## WHAT TO DO
Scan the records for "Lightweight". Show the matching lines.

*** Begin section ***

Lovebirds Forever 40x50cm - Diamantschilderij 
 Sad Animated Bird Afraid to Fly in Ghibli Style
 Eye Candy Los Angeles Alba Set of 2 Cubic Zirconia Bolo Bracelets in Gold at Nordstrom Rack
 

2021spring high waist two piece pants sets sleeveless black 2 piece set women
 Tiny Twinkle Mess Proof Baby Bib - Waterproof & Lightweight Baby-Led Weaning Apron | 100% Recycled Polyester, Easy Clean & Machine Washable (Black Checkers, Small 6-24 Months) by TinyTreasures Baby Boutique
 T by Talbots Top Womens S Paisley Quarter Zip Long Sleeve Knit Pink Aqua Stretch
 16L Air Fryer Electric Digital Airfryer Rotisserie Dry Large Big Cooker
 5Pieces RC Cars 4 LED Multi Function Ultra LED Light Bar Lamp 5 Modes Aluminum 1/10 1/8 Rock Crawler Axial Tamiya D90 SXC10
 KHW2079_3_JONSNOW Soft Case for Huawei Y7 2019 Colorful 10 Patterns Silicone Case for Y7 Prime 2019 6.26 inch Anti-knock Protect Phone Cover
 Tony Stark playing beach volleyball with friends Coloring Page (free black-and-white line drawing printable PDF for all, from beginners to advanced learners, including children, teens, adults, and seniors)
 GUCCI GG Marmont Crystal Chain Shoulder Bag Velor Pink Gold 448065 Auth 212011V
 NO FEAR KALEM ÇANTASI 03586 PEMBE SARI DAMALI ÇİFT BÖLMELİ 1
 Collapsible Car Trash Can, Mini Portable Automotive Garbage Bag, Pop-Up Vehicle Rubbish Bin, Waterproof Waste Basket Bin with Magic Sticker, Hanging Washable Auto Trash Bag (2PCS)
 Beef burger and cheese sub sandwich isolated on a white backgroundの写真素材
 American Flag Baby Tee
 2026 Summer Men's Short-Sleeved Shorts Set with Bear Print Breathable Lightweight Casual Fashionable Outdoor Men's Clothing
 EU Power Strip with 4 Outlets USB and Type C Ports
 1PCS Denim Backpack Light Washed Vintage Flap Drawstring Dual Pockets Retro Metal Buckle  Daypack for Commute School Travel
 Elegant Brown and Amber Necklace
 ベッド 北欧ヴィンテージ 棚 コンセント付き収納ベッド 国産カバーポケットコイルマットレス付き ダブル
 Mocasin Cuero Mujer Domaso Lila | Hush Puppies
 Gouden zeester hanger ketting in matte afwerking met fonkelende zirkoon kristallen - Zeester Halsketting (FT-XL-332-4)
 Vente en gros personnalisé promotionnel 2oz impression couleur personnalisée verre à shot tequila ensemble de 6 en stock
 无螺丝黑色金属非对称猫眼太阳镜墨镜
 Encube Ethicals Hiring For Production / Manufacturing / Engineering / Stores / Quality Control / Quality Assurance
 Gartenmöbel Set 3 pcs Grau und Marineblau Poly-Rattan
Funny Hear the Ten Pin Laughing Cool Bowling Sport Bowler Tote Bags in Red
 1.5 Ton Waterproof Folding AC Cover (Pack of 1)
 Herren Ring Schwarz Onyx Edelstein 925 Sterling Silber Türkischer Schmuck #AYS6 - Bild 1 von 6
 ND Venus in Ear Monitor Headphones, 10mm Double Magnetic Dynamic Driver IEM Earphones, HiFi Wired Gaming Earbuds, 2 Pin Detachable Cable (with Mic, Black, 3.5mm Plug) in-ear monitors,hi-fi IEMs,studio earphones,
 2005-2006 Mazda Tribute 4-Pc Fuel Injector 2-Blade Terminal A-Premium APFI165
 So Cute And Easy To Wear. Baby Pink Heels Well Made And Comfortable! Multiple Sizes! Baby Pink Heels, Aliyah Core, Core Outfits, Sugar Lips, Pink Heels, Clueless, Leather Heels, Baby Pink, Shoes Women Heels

*** End section ***

## THE COMPLETED TASK
 Tiny Twinkle Mess Proof Baby Bib - Waterproof & Lightweight Baby-Led Weaning Apron | 100% Recycled Polyester, Easy Clean & Machine Washable (Black Checkers, Small 6-24 Months) by TinyTreasures Baby Boutique
 2026 Summer Men's Short-Sleeved Shorts Set with Bear Print Breathable Lightweight Casual Fashionable Outdoor Men's Clothing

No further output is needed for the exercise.